Abducens nerve (the sixth cranial nerve)

  • The abducens nerve innervates the lateral rectus muscle. In abducens nerve palsy, the inability of the affected eye to abduct results in esotropia.
  • In elderly patients the most common cause is a microinfarct of the abducens nerve, which will resolve spontaneously within a few months.
  • Other aetiologies include nerve compression and lesions within the cavernous sinus.
  • If the intracranial pressure is increased the patient may exhibit unilateral or bilateral weakness of the abducens nerve function.
  • Nuclear damage within the brainstem is often also accompanied by other neurological signs and typical paresis.
  • Damage to the abducens nucleus does not produce isolated abducens palsy but causes gaze palsy.

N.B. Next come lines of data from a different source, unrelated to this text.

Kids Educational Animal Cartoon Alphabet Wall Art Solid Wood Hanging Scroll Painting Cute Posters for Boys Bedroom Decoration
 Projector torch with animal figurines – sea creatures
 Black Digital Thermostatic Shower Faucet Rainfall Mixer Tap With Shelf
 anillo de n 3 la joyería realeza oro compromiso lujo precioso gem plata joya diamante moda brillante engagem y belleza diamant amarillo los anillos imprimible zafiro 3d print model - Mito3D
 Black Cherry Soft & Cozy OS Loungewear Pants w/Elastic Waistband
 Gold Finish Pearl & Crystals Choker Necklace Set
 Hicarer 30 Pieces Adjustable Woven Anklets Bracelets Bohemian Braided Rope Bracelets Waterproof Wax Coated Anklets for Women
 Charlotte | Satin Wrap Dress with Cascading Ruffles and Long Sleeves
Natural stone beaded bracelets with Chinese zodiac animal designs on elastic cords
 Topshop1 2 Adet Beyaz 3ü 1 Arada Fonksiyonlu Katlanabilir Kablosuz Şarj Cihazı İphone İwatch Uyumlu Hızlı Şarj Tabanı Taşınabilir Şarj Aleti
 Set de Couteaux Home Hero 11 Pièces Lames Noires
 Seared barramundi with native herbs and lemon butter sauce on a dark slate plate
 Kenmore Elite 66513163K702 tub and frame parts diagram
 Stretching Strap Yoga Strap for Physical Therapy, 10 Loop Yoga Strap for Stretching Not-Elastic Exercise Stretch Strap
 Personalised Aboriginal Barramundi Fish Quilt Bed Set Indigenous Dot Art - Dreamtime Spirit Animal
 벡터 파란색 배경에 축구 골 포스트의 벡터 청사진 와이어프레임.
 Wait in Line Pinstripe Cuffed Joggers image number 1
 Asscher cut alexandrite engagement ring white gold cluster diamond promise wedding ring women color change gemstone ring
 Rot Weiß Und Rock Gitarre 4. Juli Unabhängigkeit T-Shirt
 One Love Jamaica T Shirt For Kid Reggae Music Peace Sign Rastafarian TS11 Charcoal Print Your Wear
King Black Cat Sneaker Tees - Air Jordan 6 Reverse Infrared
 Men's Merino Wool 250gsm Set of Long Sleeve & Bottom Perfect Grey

Internuclear ophthalmoplegia (INO)

  • INO is the most common eye movement disturbance in multiple sclerosis.
  • Damage occurs in the medial longitudinal fasciculus with the result that a message does not cross over from the abducens nucleus to the medial rectus subnucleus.
  • For example, with a gaze to the left, the right eye fails to adduct and the left eye may demonstrate jerky movements (nystagmus).
  • In elderly patients, the most common aetiology for INO is vascular.

Myasthenia gravis

  • If the patient has intermittent diplopia that is worse when tired, and either unilateral or bilateral ptosis, the possibility of myasthenia gravis should be borne in mind.
  • Myasthenia gravis may mimic any eye movement disorder, including oculomotor nerve palsy and INO.

Papilloedema

  • The condition is (almost always) bilateral (pictures Papilloedema Caused by High Intracranial Pressure Papilloedema).
  • Loss of spontaneous venous pulsation
  • The visual acuity is usually good.
  • Signs of increased intracranial pressure (headache, nausea, reduced level of consciousness)
  • The cause for papilloedema must be identified quickly: imaging studies.
    • Differential diagnosis: an optic nerve head with an unusual appearance: optic disc drusen (ODD)?
    • If there are no other signs of increased intracranial pressure, an ophthalmologist must be consulted.